So you know how skill checks in these games tend to value the highest number you have? That’s a given, right? Likewise, many games are set up in such a way where you really want to try and hyper-focus one particular skill, which winds up making it impossible for you to build on any of the others because you’re well past the point where any amount of training could reasonably allow you to make those particular checks. Since there’s no way you can pull them off, there’s no incentive to try and train them at all, so the correct answer is to simply not bother.

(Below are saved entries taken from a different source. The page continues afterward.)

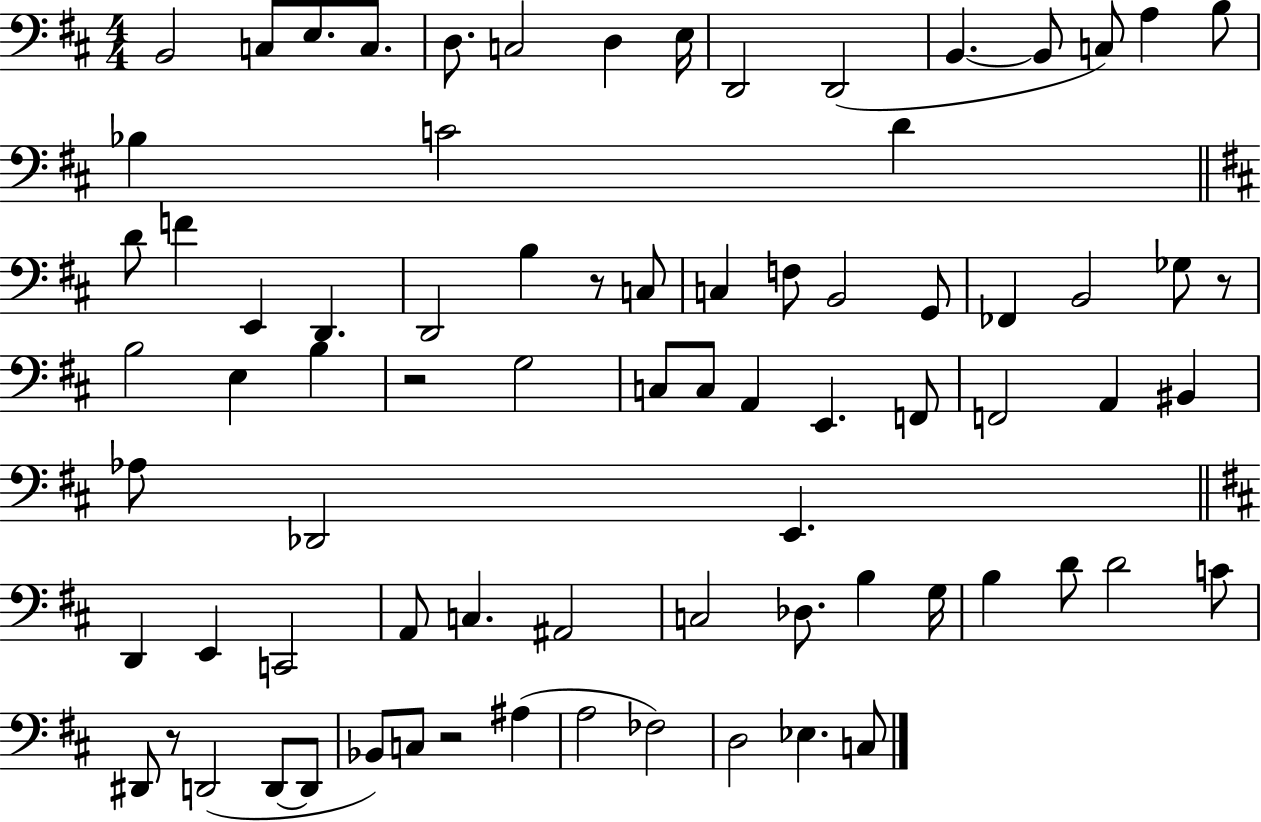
{
  \clef bass
  \numericTimeSignature
  \time 4/4
  \key d \major
  \repeat volta 2 { b,2 c8 e8. c8. | d8. c2 d4 e16 | d,2 d,2( | b,4.~~ b,8 c8) a4 b8 | \break bes4 c'2 d'4 | \bar "||" \break \key b \minor d'8 f'4 e,4 d,4. | d,2 b4 r8 c8 | c4 f8 b,2 g,8 | fes,4 b,2 ges8 r8 | \break b2 e4 b4 | r2 g2 | c8 c8 a,4 e,4. f,8 | f,2 a,4 bis,4 | \break aes8 des,2 e,4. | \bar "||" \break \key d \major d,4 e,4 c,2 | a,8 c4. ais,2 | c2 des8. b4 g16 | b4 d'8 d'2 c'8 | \break dis,8 r8 d,2( d,8~~ d,8 | bes,8) c8 r2 ais4( | a2 fes2) | d2 ees4. c8 | \break } \bar "|."
}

Here’s a funny idea I had: what about if you can use your weaker skills to pull off a cheeky little “gg gottem” at a predetermined point in the story? Like, say you’re so strong that the villain hears of your might and therefore goes to great lengths to prepare himself for that, to the point where your strength stat being as high as it is will actually wind up failing you if you try to bank on it, so instead you rely on your much less trained dexterity and screw up on purpose to lull the villain into a false sense of security and make him put down his guard so that your strength check can succeed again?
Or, to use an example that popped up in a COG game at one point: in the first of the two Vampire: The Masquerade games on offer, there came a point in my playthrough where I got into combat against a much more powerful vampire. Like, even if I succeeded my skill checks, odds were that I was gonna get viciously mauled and come away gravely wounded for my trouble. Not to mention that I wasn’t terribly confident in any of the available skill checks (one of those situations where the author expected me to have trained myself in skills X, Y, and Z, and therefore didn’t account for me focusing on skill A instead), so all I could do was pick the least bad one I could and hope for the best.
Cue the game suddenly snapping to a flashback where one of the major NPCs explains to me that sometimes fate will just pull a data underflow and make a critical failure loop around and become a major success instead.
And then the game snaps back to reality, and true to form, fate pulled a data underflow and my shot that should have gone wide suddenly drilled the vampire square in their brain and killed them outright.
(Of course, then the game turned around and betrayed me and gave the bad guy a data underflow that allowed him to cut my head off even though I should’ve passed that combat check with flying colors, but hey.)
So yeah, just curious what people think about doing something like that? Might give some incentive to not just ditch low skills, if there could be some way to still put them to use even in the late story.